Co również istotne, we wniosku o zastosowanie tymczasowego aresztowania prokurator jest zobowiązany do wskazania kwalifikacji prawnej czynu, który zarzuca się podejrzanemu. Okoliczność ta jest niezwykle istotna przy sprawach aresztowych, a to z uwagi na fakt, że ,,waga” samego zarzutu a konkretnie kara jaką jest on zagrożony może uzasadniać stosowanie tymczasowego aresztowania. Należy w tym miejscu wskazać, że zgodnie z art. 258 § 2 k.p.k., jeżeli oskarżonemu zarzuca się popełnienie zbrodni lub występku zagrożonego karą pozbawienia wolności, której górna granica wynosi co najmniej 8 lat, potrzeba zastosowania tymczasowego aresztowania w celu zabezpieczenia prawidłowego toku postępowania może być uzasadniona grożącą oskarżonemu surową karą.
ZNACZENIE PRZYKŁADOWYCH KWALIFIKACJI
Tytułem przykładu można więc wskazać, że jeżeli prokurator postawi podejrzanemu zarzut z art. 296 § 2 k.k. (działanie na szkodę spółki w celu osiągnięcia korzyści majątkowej) to w sprawie może zaktualizować się przesłanka szczególna zastosowania tymczasowego aresztu.
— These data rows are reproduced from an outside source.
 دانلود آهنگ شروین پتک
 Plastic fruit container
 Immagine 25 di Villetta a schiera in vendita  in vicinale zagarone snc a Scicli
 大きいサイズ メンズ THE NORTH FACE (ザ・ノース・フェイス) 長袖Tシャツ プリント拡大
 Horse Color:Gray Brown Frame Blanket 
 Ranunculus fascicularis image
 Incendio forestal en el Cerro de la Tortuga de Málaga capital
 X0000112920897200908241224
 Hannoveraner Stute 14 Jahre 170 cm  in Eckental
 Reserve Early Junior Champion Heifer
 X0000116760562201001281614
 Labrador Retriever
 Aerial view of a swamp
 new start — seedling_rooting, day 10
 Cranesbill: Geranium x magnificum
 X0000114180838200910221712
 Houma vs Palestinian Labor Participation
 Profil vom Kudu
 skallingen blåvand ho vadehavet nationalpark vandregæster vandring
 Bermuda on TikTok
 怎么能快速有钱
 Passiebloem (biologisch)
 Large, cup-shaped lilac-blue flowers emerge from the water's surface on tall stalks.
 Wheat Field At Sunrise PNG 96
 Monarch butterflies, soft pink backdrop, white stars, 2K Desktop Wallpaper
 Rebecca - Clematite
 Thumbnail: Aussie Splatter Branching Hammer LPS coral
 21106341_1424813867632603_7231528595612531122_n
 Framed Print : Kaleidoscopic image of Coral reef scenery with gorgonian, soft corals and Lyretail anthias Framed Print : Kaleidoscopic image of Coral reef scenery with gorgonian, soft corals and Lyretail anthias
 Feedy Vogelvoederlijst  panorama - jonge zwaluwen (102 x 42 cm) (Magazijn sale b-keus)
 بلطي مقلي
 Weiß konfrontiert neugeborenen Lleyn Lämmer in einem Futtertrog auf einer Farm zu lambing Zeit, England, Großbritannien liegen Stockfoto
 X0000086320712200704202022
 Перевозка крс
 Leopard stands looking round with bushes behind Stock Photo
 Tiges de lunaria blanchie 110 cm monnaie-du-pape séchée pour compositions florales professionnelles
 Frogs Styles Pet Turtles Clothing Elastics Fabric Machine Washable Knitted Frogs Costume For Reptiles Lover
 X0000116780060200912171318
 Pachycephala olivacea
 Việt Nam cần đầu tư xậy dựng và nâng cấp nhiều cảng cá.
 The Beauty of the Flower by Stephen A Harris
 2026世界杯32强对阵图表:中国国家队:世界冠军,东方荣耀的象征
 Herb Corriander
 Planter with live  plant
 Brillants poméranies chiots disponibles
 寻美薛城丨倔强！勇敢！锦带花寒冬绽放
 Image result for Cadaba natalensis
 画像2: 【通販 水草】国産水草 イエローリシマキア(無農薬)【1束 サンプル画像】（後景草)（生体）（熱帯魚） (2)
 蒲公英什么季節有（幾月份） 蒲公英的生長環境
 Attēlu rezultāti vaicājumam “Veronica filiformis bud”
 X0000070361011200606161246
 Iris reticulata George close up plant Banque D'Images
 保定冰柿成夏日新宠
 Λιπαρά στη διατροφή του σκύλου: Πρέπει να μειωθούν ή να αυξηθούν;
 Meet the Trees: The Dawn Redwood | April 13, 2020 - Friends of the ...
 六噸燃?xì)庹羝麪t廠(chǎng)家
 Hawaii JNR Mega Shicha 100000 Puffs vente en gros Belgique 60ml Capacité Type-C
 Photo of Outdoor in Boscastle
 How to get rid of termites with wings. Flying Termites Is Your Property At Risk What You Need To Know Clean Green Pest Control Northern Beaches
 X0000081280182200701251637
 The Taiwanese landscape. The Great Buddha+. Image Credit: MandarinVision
Natomiast jeżeli ten sam czyn zostałby przez prokuratora zakwalifikowany również jako działanie na szkodę spółki, ale bez motywu w postaci osiągnięcia korzyści majątkowej (art. 296 § 1 k.k.) to w tym wypadku przesłanka ta nie mogłaby się ziścić, albowiem zagrożenie ustawowe dla przestępstwa z art. 296 § 1 k.k. wynosi maksymalnie 5 lat. Innymi słowy kwestia kwalifikacji prawnej poczynionej przez prokuratora jest niezwykle istotne również dla spraw o tymczasowy areszt.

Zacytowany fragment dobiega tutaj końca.